但李松对此的回答却是:“喻先生忙的话可以先走,不用您来做这些杂事。”

“他不是说……”

“少爷只是随口说说而已。您对少爷很特别。”

喻闯:……特别在哪?

他怀疑这管家对季眠的每一任情人都是这一套说辞。

“我看喻先生人很正经,跟着我家少爷,想必是碰到什么困难了?”

喻闯淡淡笑了笑,未答。

他可没兴趣把自家的那点破事昭告天下。

李松见他的反应,也识趣地不再追问,道:“您是少爷的人,如果有什么不方便对少爷提的要求,大可以来找我。我一定尽我所能。”

喻闯不清楚纪家的这位管家对一个情人究竟从哪来这么多的善意,又或者单纯客套?

还是礼貌点头:“谢谢。”

“喻先生还在上大学吧?”李松说道,“您在学校如果有事要忙,可以先走。只要在少爷找您的时候过来就好。”

喻闯的确有事要忙,但不是在学校。

他得去医院缴费,今天也是跟喻星约好去医院陪他的日子。

犹豫了下,起身先走了。

喻闯去医院缴清手术和治疗的费用,随后去病房里看望喻星。

喻星今年不过十二岁,气质已经有了几分自家哥哥的影子,虽是一脸病容,身形瘦削,眼睛却颇为有神,像只稳重的小狼。

说话也稳重:“哥哥,你忙学校的事情吧,我在医院有陈叔叔照顾,用不着总来看我。”

喻星口中的陈叔,是喻闯请来照顾他的护工。

他先前忙着赚钱凑医药费,实在抽不开身来照顾喻星。虽说着急用钱,但喻闯心里有数,要是喻星照顾不当有个意外,他就是凑再多的医药费也是无济于事,最后还是花钱请了人。

“最近没什么事,别多想。”喻闯摸了摸喻星的脑袋,很快收回手。

喻星看着他脸上明显的疲态,沉默不语。

兄弟两人,如出一辙的沉闷。

喻闯坐在病床边,待了两个多小时,兄弟俩却总共没说上几句话。

他们远不如正常的兄弟那样亲近,所有的心力都用在了拼命生长上,无暇顾及其他。

喻闯轻轻摩挲着自己的指节,看着喻星瘦削的侧脸。他想当个好哥哥,但总是做得不好。

他不够心细,情感淡薄,没想到对自己的亲弟弟也是如此。

喻闯时常会产生一种错觉:如果换个人来,一定会把喻星养得活泼一些。

他不知不觉间照着某个影子模仿,可惜那影子虚无缥缈,在想象中又过于完美,他只能学个四不像,勉强成为一个木板小屋,只有遮风挡雨的功效。

再多的,就没有了。

看着喻星吃过晚饭,喻闯坐大巴回了学校。这一整天他有近五个小时都是在车上度过的。

到学校是晚上八点钟,却已是他近日来回来的最早的一天。宿舍的几个室友都颇感惊奇。

喻闯回来也没歇着,打开电脑接着敲了两个多小时的代码。

一直到十点半,宿舍快熄灯时,其他人都陆续洗漱完毕了,他才暂停下来,最后一个去洗手间。电脑还开着,满格的电,打算等熄灯之后接着写。
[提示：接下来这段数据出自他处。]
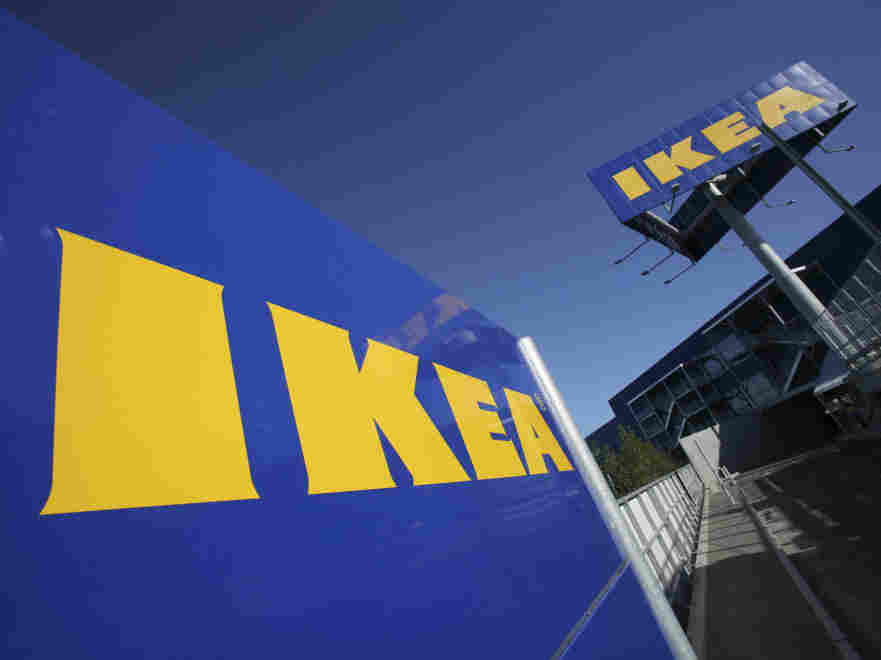 IKEA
喻闯看着洗漱台前的半身镜,镜中他的状态算不上好,眼下有些乌青。前一日那家餐厅的领班说的没错,他的黑眼圈的确挺重。

他皱起眉,自己都觉得狼狈。

那家伙对着这样一张脸,怎么下得去手的?

“做咱们这一行的,外形很重要。”这是无论是美顿会所还是那家餐厅的领班,都常说的一句话。

喻闯抿住嘴唇。

从洗手间出来,他坐回自己的位置,盯着桌上的电脑看了半分钟。

秉着职业精神,喻闯默默盖上电脑,两个月以来头一次在十一点前就洗漱上了床。

“卖身”的头一天,他竟难得地睡了场好觉。